Please copy out the entries until you have copied the line that contains "A living room with a", beginning with the first line.

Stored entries
+++++
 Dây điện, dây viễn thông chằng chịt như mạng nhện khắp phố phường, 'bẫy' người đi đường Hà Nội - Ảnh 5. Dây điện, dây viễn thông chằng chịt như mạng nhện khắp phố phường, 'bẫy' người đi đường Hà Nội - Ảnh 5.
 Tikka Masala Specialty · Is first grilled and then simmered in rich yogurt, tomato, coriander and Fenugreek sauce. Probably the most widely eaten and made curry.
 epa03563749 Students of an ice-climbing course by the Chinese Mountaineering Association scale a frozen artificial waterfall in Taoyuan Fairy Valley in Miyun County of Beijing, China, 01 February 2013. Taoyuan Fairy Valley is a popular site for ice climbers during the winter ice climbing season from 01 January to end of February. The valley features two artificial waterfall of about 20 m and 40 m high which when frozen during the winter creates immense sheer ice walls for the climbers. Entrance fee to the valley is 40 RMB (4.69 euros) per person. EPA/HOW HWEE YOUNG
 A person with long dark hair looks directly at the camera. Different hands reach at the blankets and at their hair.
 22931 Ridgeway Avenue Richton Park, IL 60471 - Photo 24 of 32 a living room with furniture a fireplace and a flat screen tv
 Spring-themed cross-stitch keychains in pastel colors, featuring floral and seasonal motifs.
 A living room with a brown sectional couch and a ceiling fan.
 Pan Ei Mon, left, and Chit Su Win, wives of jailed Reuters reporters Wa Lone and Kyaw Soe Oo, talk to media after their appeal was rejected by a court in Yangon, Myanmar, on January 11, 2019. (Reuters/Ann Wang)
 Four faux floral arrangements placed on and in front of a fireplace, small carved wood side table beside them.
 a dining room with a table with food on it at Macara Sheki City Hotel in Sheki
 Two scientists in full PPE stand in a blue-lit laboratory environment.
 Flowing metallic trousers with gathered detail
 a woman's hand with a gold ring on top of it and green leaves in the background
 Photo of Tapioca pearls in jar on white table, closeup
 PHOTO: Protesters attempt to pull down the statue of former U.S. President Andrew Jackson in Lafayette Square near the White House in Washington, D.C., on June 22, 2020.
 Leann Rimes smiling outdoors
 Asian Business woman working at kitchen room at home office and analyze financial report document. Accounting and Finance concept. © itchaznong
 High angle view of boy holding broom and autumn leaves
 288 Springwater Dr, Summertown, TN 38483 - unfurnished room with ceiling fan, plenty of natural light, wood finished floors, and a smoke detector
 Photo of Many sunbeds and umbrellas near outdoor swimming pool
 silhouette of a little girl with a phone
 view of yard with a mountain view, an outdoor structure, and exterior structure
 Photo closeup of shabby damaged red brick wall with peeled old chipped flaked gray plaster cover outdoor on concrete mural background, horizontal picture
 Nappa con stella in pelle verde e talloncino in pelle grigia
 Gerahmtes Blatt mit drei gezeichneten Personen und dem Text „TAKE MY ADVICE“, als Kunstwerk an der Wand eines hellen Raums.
+++++
** SOLUTION FOR THIS TASK **
 Dây điện, dây viễn thông chằng chịt như mạng nhện khắp phố phường, 'bẫy' người đi đường Hà Nội - Ảnh 5. Dây điện, dây viễn thông chằng chịt như mạng nhện khắp phố phường, 'bẫy' người đi đường Hà Nội - Ảnh 5.
 Tikka Masala Specialty · Is first grilled and then simmered in rich yogurt, tomato, coriander and Fenugreek sauce. Probably the most widely eaten and made curry.
 epa03563749 Students of an ice-climbing course by the Chinese Mountaineering Association scale a frozen artificial waterfall in Taoyuan Fairy Valley in Miyun County of Beijing, China, 01 February 2013. Taoyuan Fairy Valley is a popular site for ice climbers during the winter ice climbing season from 01 January to end of February. The valley features two artificial waterfall of about 20 m and 40 m high which when frozen during the winter creates immense sheer ice walls for the climbers. Entrance fee to the valley is 40 RMB (4.69 euros) per person. EPA/HOW HWEE YOUNG
 A person with long dark hair looks directly at the camera. Different hands reach at the blankets and at their hair.
 22931 Ridgeway Avenue Richton Park, IL 60471 - Photo 24 of 32 a living room with furniture a fireplace and a flat screen tv
 Spring-themed cross-stitch keychains in pastel colors, featuring floral and seasonal motifs.
 A living room with a brown sectional couch and a ceiling fan.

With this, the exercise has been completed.